Monday, February 28, 2011

Artist-in-residence at 14 Pews

14 Pews has invited me to be their first Artist-in-residence! For more information, click on the link or read below...

From Steven Thomson of Culturemap:

First 14 Pews artist-in-resident Emily Sloan plans free marriage service among summer events

The nascent microcinema 14 Pews made its mark on the New Year with a performance artwork by Emily Sloan. Entitled "Funeral for the Living," the piece included visitation and eulogy writing services and an open service in which participants read eulogies, notes, confessions, resolutions and sang songs. In addition, participants were invited to contribute items to be burned in a funeral pyre. To enhance the community appeal, attendees brought their favorite funeral foods for a potluck, which followed the service.

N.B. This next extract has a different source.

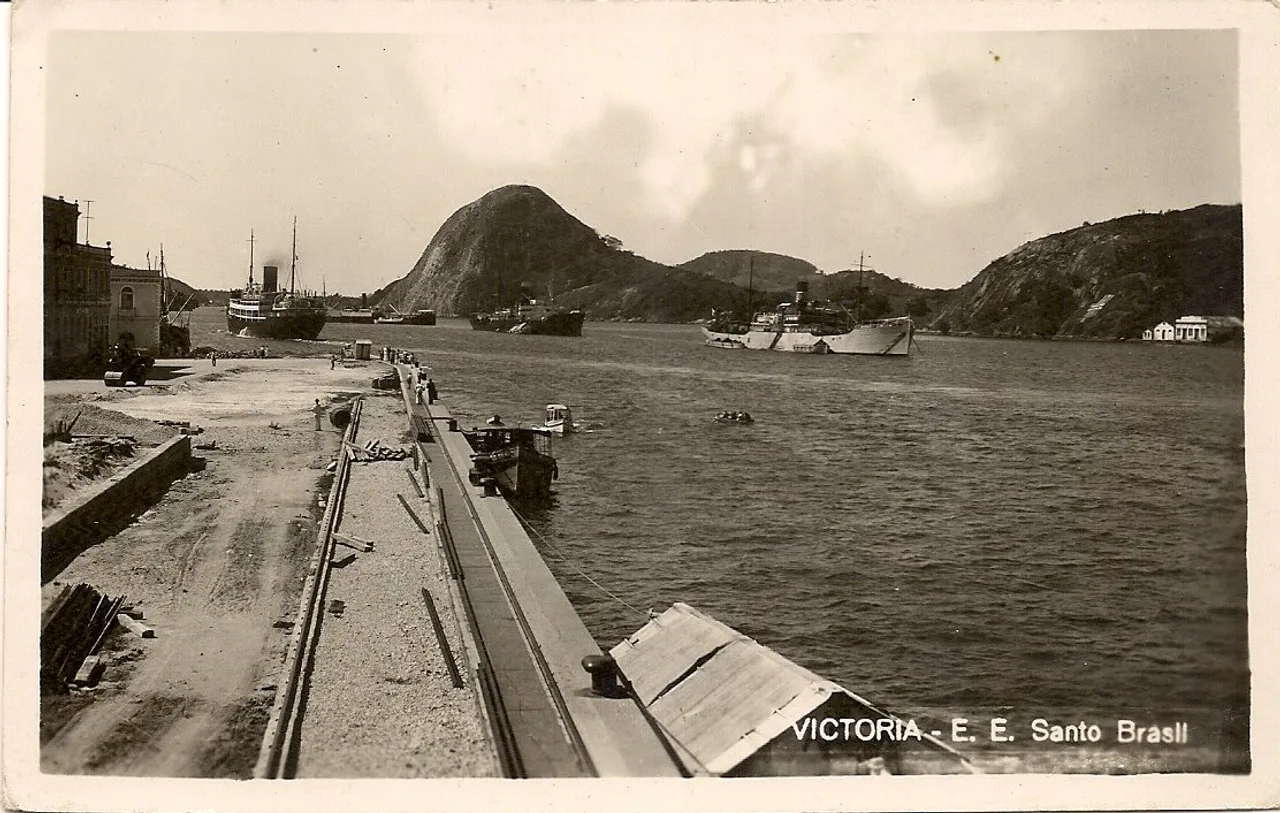 Vitória em fotografia histórica, 61 de 93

Now, Sloan has been honored as the first artist-in-residency at 14 Pews.

"When I first founded the organization, I wasn't thinking so much about a performance arena, but I found that it really honors the space," says 14 Pews founder and director Cressandra Thibodeaux of the converted church, originally home of the Aurora Picture Show.

During "Funeral for the Living," participants enjoyed a New Orleans-style jazz band and rejoiced over a collective fire in the backyard.

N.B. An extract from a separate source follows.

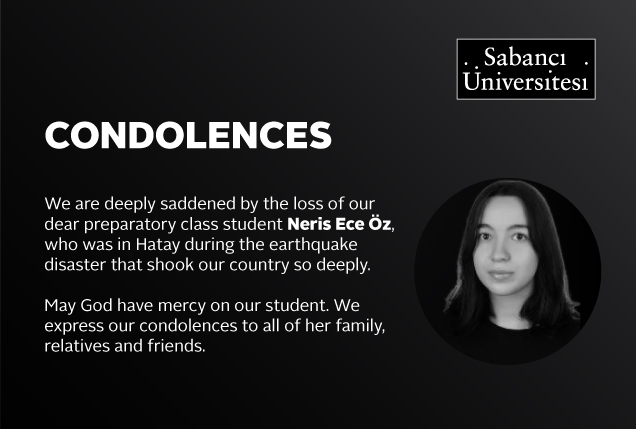 Condolences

"The space was so engaged," recalls Thibodeaux, who had previously envisioned the venue as an arena for theater. "I stood back and thought, 'Wow, this is such a great performance art space.'"

"14 Pews, being a church building, was a fit for the funeral, as it will be elemental to whatever else I do there," Sloan told CultureMap in an e-mail.

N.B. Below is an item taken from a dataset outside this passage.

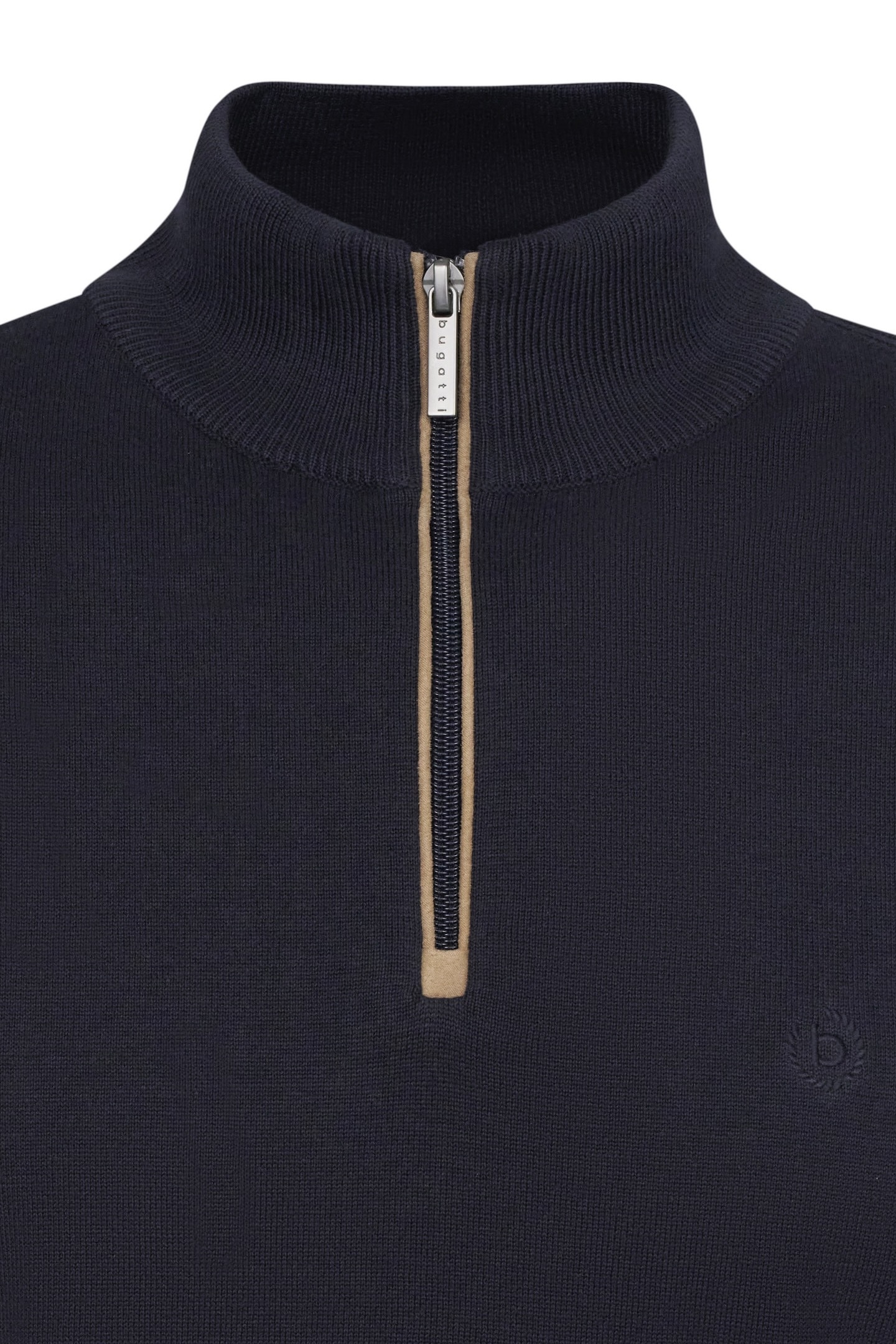 bugatti Troyer mit Stehkragen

"I think she's just a great performance artist," Thibodeaux says. Sloan's position will allow her access to the site for curatorial needs, recording equipment, as well as the ability to host a potential fundraiser. "It's more of a platform," explains the director.

Along with hosting a second "Funeral Party for the Living" on Jan. 1, 2012, Sloan has devised two events for this summer: On June 12, 14 Pews will host The Southern Naptist Convention (in reaction to the June 12-15 Southern Baptist Convention). "I'm getting several artists to collaborate," Sloan says, dropping names of Houston performers, including a professional whistler. After the performances, the group will nap in union inside 14 Pews.

One week later, on June 18, she plans to conduct a "Free Marriage Service."

"All day we're going to be performing weddings. I'm ordained, and it's a free church and free party," Sloan says. "Part of it will be like a workshop with the of writing of vows, discussing commitment and redefining contracts."

A graduate of the MFA program at University of Houston, Sloan has emerged as a leader in the contemporary art scene with such projects as Gallery 1724, Napping Affects Performance and The Kenmore, an exhibition forum located within a mini-fridge at BOX 13 Artspace.

Also on tap this year at 14 Pews: a production of Tony n' Tina's Wedding, conducted with puppets. "I just ordered the lyrics," Thibodeaux shared, adding that she's beginning the search for qualified puppeteers.

From the 14 Pews website:

14 Pews is proud to have Emily Sloan as our Artist in Residence. She will develop two site-specific shows for us. Emily Sloan practices art inspired by healing and mourning rituals, ceremonies, longings, and social contexts. Outcomes include performance, object making, social involvement and spaces, and curating for unique venues including The Kenmore. In 2010, Sloan has had a solo show at Redbud Gallery in Houston, Texas; Napping Affects Performance (NAP), a participation and performance project at Art League Houston which is ongoing in Houston, east Texas, and upstate New York; Wash, a public, all day performance hosted by Gallery 1724 (Houston);organized a Salon des Refusés showcasing artwork rejected from Lawndale Art Center; and founded NAP Church.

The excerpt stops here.